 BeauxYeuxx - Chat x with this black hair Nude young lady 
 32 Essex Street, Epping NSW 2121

--

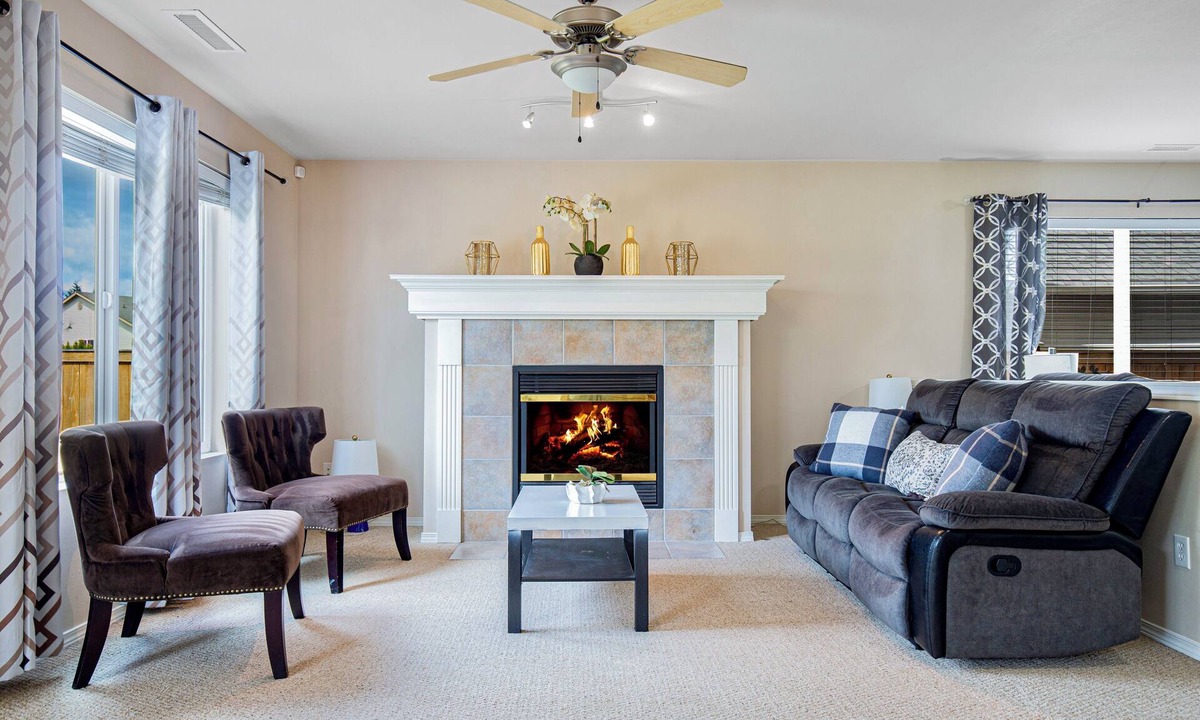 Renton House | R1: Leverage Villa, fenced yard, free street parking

Problem statement: Among the records above, extract exactly the lines from the line with "BeauxYeuxx - Chat" to the line with "32 Essex Street, Epping NSW 2121", both lines included, and leave out the rest.

Completed task:
 BeauxYeuxx - Chat x with this black hair Nude young lady 
 32 Essex Street, Epping NSW 2121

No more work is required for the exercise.